Starting at the line with "Traditional sofa Big Mamafabricleathergray" and going on through the line with "Eurovision 2023 Song", reproduce each line in the records below exactly and nothing more.
DATASET RECORDS: Begin
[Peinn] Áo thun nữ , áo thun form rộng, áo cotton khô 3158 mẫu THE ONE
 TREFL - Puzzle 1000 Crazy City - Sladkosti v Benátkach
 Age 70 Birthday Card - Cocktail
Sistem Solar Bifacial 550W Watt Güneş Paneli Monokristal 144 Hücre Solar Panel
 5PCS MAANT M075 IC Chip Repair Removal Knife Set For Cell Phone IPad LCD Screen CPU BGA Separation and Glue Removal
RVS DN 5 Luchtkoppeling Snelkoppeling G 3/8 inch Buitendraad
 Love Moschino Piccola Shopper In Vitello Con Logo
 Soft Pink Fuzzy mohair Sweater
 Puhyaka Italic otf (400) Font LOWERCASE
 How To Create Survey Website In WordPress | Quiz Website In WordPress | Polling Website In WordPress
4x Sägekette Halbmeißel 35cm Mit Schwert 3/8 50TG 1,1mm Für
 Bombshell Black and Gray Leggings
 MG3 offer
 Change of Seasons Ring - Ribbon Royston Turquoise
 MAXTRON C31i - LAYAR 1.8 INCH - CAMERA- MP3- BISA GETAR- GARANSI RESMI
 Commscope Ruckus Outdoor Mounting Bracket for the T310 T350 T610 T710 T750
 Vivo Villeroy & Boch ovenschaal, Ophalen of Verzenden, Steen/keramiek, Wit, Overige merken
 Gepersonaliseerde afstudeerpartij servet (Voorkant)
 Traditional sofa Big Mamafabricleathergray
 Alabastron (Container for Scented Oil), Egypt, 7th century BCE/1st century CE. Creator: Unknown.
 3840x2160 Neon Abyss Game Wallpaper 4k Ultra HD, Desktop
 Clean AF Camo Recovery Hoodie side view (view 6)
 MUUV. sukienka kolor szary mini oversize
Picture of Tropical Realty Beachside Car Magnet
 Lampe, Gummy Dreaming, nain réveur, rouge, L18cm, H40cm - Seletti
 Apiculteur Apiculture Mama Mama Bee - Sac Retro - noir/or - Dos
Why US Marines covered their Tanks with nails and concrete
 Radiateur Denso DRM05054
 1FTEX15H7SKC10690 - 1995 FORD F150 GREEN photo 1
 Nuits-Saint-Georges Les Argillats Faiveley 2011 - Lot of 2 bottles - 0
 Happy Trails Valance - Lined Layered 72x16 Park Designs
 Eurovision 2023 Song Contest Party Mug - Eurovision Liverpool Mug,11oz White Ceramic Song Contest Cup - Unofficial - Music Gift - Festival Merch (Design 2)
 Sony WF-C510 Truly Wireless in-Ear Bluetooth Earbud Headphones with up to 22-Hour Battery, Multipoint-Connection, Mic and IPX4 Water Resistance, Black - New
DATASET RECORDS: End
[OUTPUT FOR THIS TASK]
 Traditional sofa Big Mamafabricleathergray
 Alabastron (Container for Scented Oil), Egypt, 7th century BCE/1st century CE. Creator: Unknown.
 3840x2160 Neon Abyss Game Wallpaper 4k Ultra HD, Desktop
 Clean AF Camo Recovery Hoodie side view (view 6)
 MUUV. sukienka kolor szary mini oversize
Picture of Tropical Realty Beachside Car Magnet
 Lampe, Gummy Dreaming, nain réveur, rouge, L18cm, H40cm - Seletti
 Apiculteur Apiculture Mama Mama Bee - Sac Retro - noir/or - Dos
Why US Marines covered their Tanks with nails and concrete
 Radiateur Denso DRM05054
 1FTEX15H7SKC10690 - 1995 FORD F150 GREEN photo 1
 Nuits-Saint-Georges Les Argillats Faiveley 2011 - Lot of 2 bottles - 0
 Happy Trails Valance - Lined Layered 72x16 Park Designs
 Eurovision 2023 Song Contest Party Mug - Eurovision Liverpool Mug,11oz White Ceramic Song Contest Cup - Unofficial - Music Gift - Festival Merch (Design 2)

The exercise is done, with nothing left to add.